There was just one match yesterday: the semi-final between John Higgins and Kyren Wilson. John Higgins won it by 6-1. Here is the report by WST:
Magnificent Higgins Sets Up O’Sullivan Final
Higgins came so close to becoming the first player ever to reach the final of a ranking event (other than the Shoot Out) without conceding a frame. Having whitewashed Jordan Brown and Mark Selby 6-0 in his first two matches this week, he led 5-0 tonight, only for Wilson to get one on the board. But missing out on that record will not bother Higgins as he looks ahead to a potentially epic clash with O’Sullivan, with both players at the top of their game.

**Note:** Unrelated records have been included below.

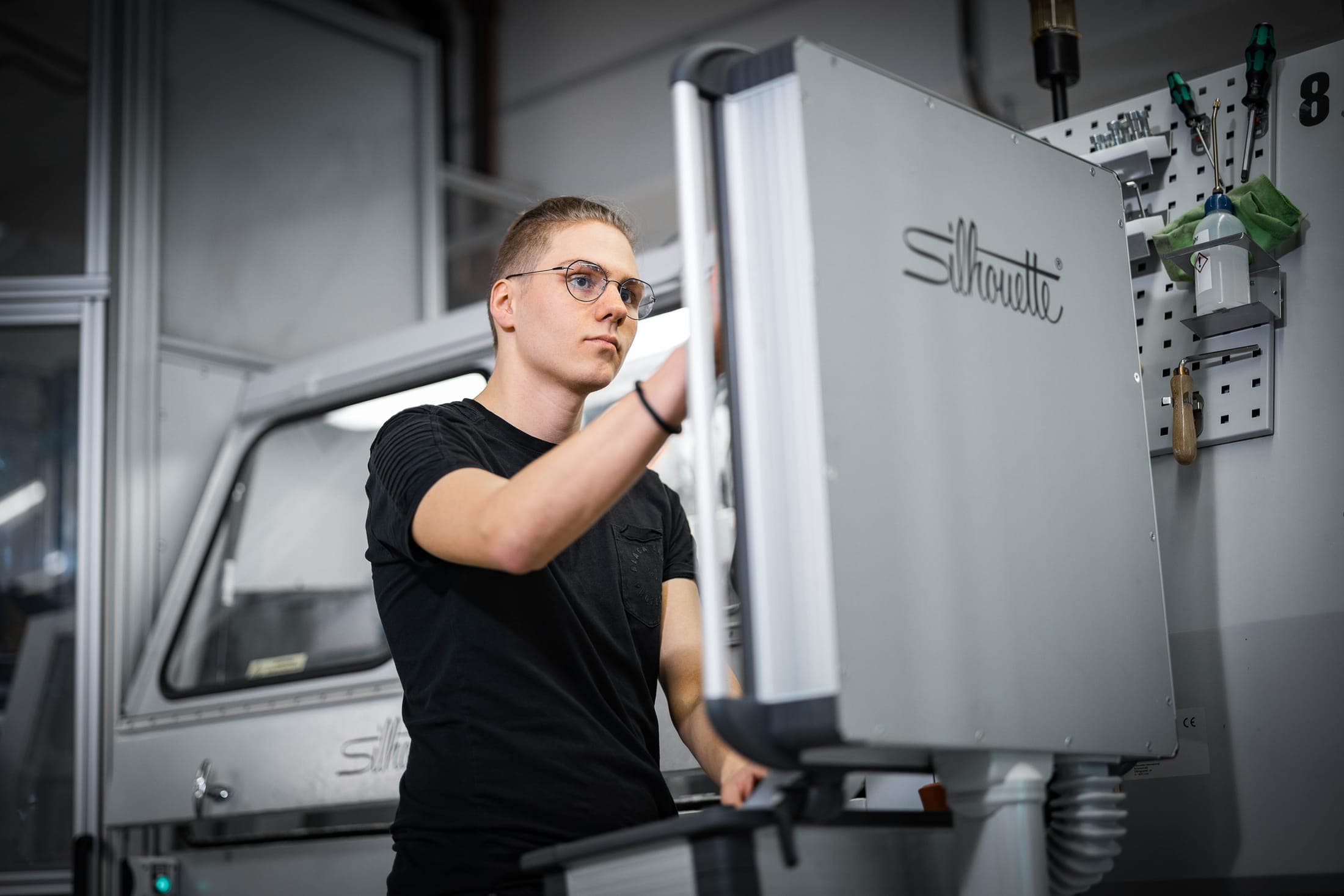 Techniker arbeitet an einer Fertigungsmaschine mit Silhouette-Schriftzug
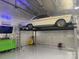 Spacious garage with car lift and a classic white vehicle, perfect for car enthusiasts at 214 Creek View Rd, Mooresville, NC 28117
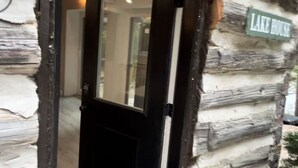 A log cabin with a black door and a small porch area. - New 2-bedroom cottage in Bancroft Ontario, fully renovated on the lake (MONT)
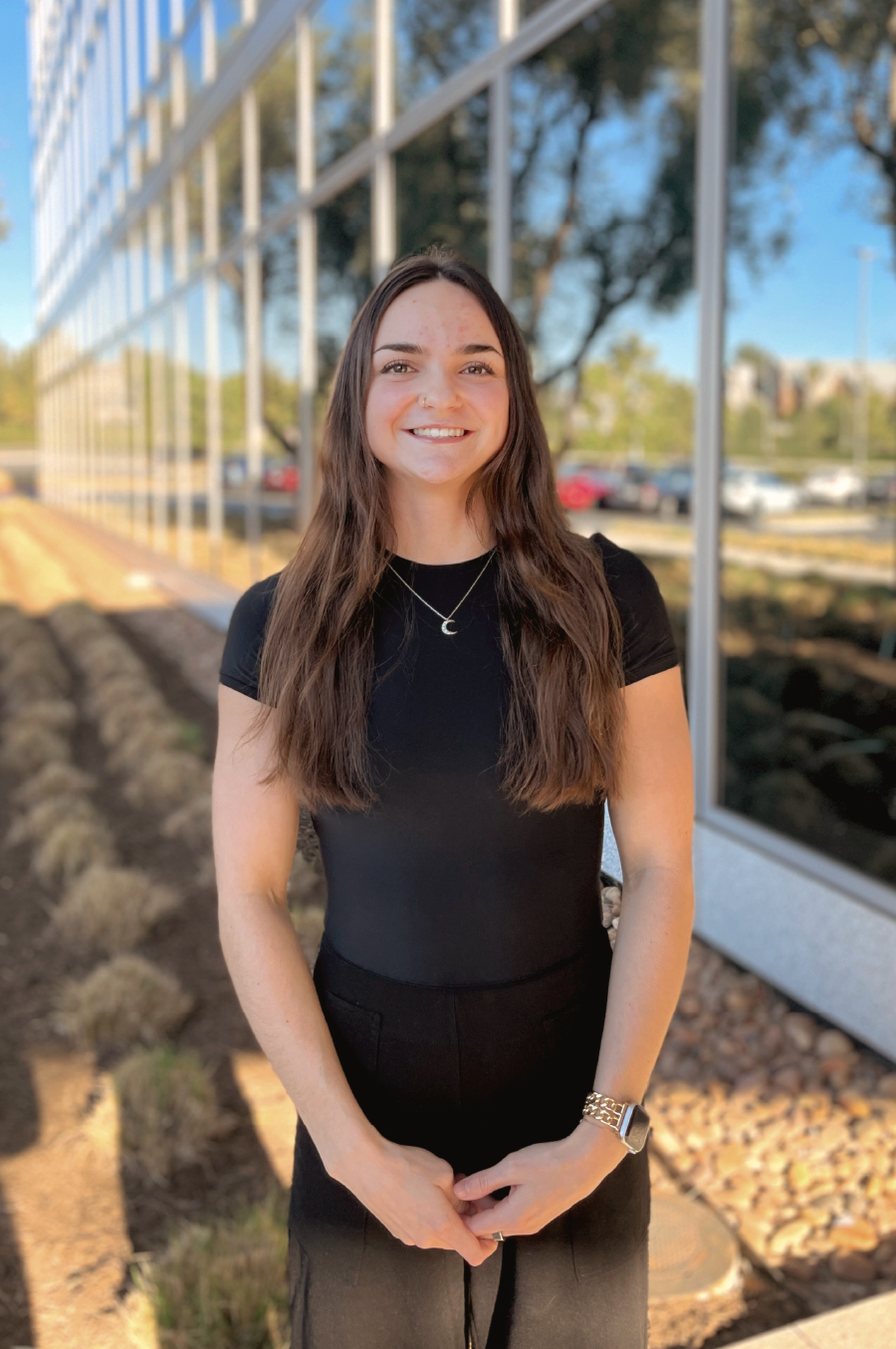 Kelly Ross, Consultation Specialist, standing in front of office building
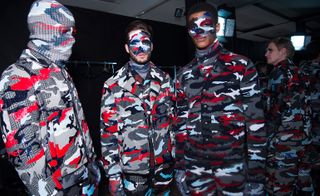 Male models in blue, grey, white and red camo outfits wearing camo face paint and balaclavas
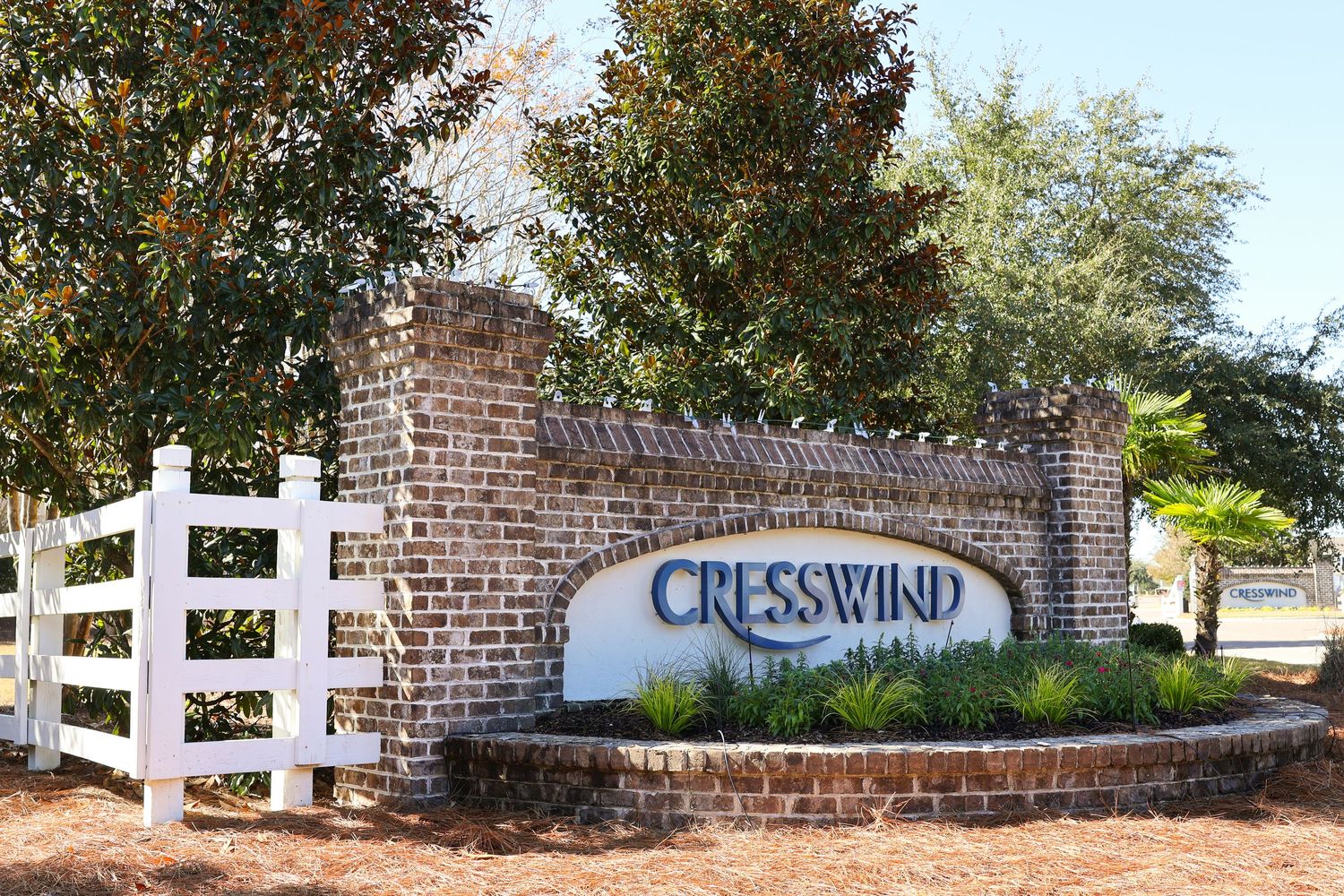 Brick entrance sign for Cresswind community with white fence and trees in background.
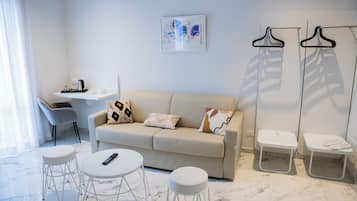 Suite estudio, vista a la ciudad | Área de sala de estar | Smart TV de 49 pulgadas con canales digitales, televisión y Netflix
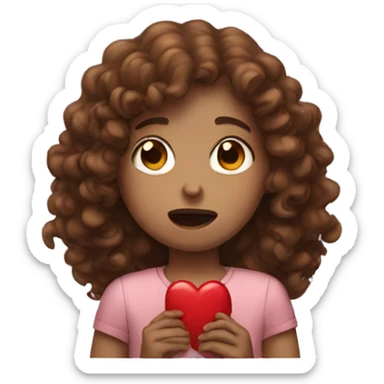 Girl with brown curly hair crying and holding a red heart sticker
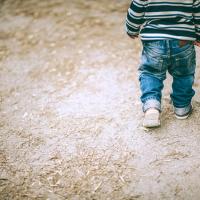 Toddler walking by himself.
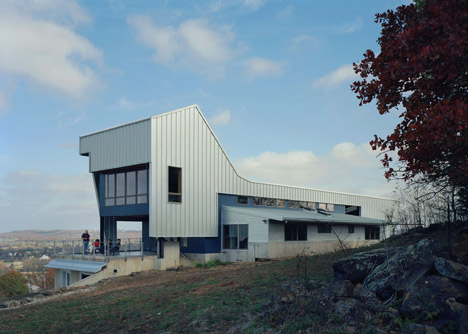 Angular metal roof wraps around a hilltop house by deMx architecture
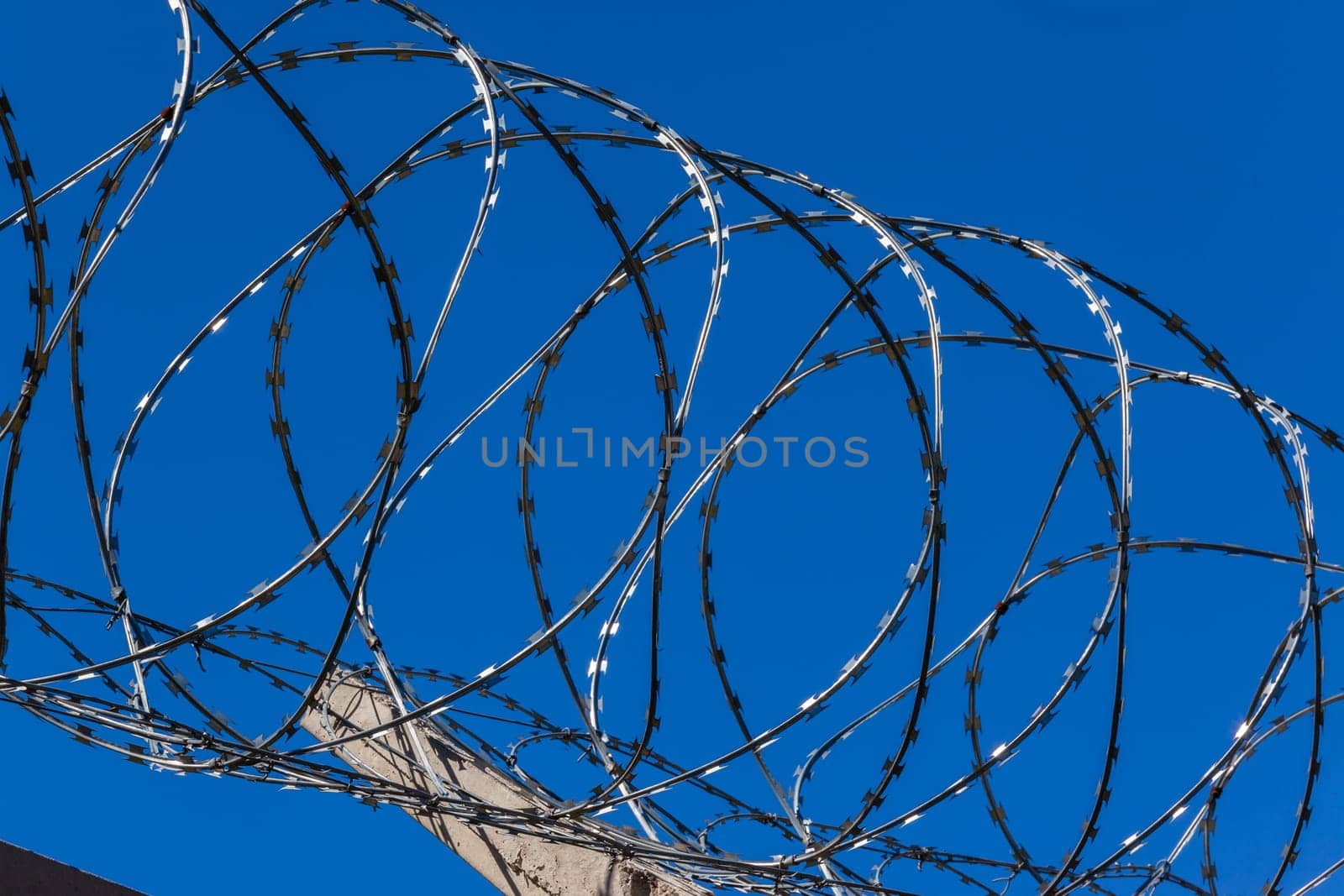 Razor steel wire security protection boundary fencing closeup section in blue sky.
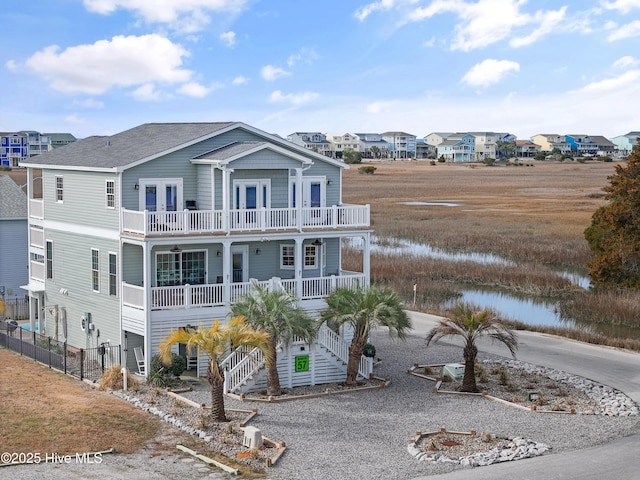 beach home with french doors, covered porch, a water view, a balcony, and stairs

First to ten frames on Sunday takes the trophy and £125,000 top prize. Scotland’s 45-year-old Higgins is chasing his 31st career ranking title and first since the 2018 Welsh Open. Not since he beat O’Sullivan 9-2 at the 2005 Grand Prix have the pair met in the final of a ranking event. However, including invitation events they have met in a total of 17 finals, O’Sullivan winning ten of those.
Higgins admits he is playing some of the best snooker of his 29-year career, having made a change to his technique, bringing the cue tip closerto the white ball at address. He was runner-up to Yan Bingtao at the Betfred Masters last month and will be determined to go one better this time.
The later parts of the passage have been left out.